How PostCSS became 1.5x faster by changing 2 lines of code

struppi · on Nov 25, 2015

This is so important:

  Do not even try to write what you think is effective code before 
  benchmarking. The VM has many clever optimizations. And even if 
  you will somehow learn of all of them, in the next release they 
  still can be changed. Instead, write a simple and clean piece of 
  code, make a benchmark, find the real bottleneck and rewrite code 
  in small parts.

Every now and then I see some strange code at a client I work with, and the justification is "Performance". Because somebody thought it might be faster - But they didn't check it back then. And they don't have an automated performance test that continuosly validates if their "dirty but fast" code is still faster than the clean version...

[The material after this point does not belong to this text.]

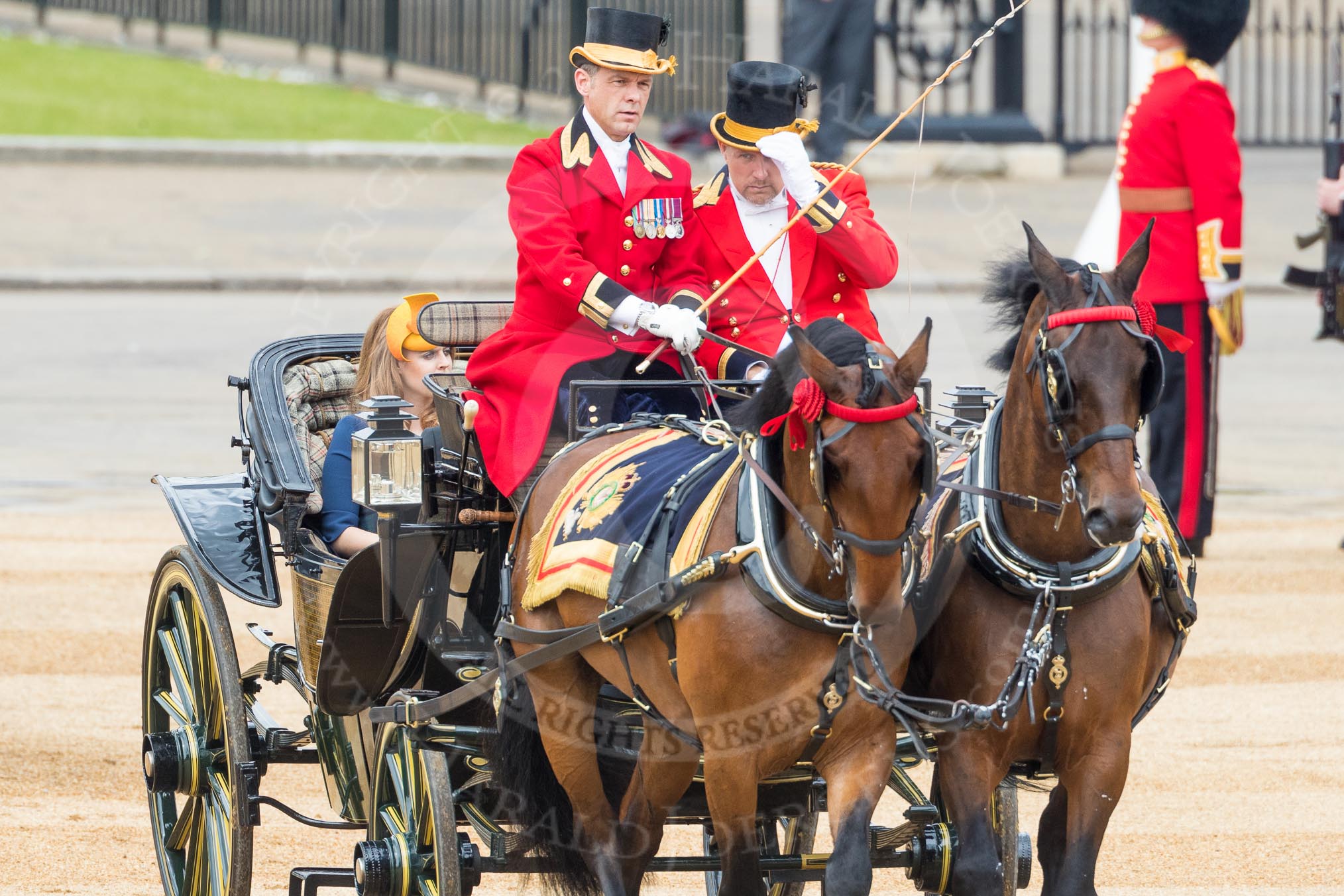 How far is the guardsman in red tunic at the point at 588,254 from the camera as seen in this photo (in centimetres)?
454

Don't even ask how many hours of developer time I saw wasted because of "dirty but fast" code. Where the code often was not much faster then the clean version. Or it was faster, but speed was not crucial in the area where the code operated.

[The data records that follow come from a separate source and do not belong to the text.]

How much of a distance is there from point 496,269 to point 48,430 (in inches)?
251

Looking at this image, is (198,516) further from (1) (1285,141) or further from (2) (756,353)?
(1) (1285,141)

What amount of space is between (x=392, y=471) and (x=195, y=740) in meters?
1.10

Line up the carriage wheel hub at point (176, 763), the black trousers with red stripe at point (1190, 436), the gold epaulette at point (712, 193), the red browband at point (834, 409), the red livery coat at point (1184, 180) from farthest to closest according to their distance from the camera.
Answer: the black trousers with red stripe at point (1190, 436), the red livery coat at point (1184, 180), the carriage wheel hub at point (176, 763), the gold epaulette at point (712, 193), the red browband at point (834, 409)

Also, I guess a lot of the optimizations from old blog posts or the first "Effective Java" will not yield amazing results anymore, as compilers and runtimes are getting better.

I also like this one:

  Do not think that programming in C++ or any other lower-level language
  is a must for having good performance. Good architecture, benchmarking 
  and profiling are far more important.

But I don't think it is as clear-cut as the author writes it. For some problems, having total control over your memory layout and what gets exectued when (i.e. C or C++ or ...) can lead to huge benefits. And sometimes, the runtime is just more clever optimizing the code than you are.

masklinn · on Nov 25, 2015

> This is so important: [benchmark]

As any follower of @mraleph (http://mrale.ph / https://twitter.com/mraleph) is aware, it's very easy to benchmark the wrong thing (or benchmark more or less nothing), or to write an isolated benchmark which doesn't reflect real-world use.

pjc50 · on Nov 25, 2015

There's one thing you can do without benchmarking: approximate complexity (O(n)) analysis. You need to be sensible about what N is though: even O(n^3) isn't too bad if it's an operation on a user-displayed list of half a dozen items.

With a bit of thought this even leads to cleaner code: do you really need to pass a large chunk of data around when you only need a particular precalculated quantity?

But generally benchmarking and applying Amdahl's law is the way to go. First identify which part of the system is slow!

on Nov 26, 2015

[deleted]

losvedir · on Nov 26, 2015

Have you not used redis? Every command[0] begins its documentation with its time complexity.

[0]http://redis.io/commands

adrianN · on Nov 25, 2015

Things like this make compiler or jit optimizations a little scary to me. It might not matter to a CSS preprocessor, but if you write performance critical code, optimizations become a leaky abstraction. Suddenly you have to understand exactly which circumstances allow your compiler to, for example, use autovectorization and be wary of updating your compiler, lest these criteria change.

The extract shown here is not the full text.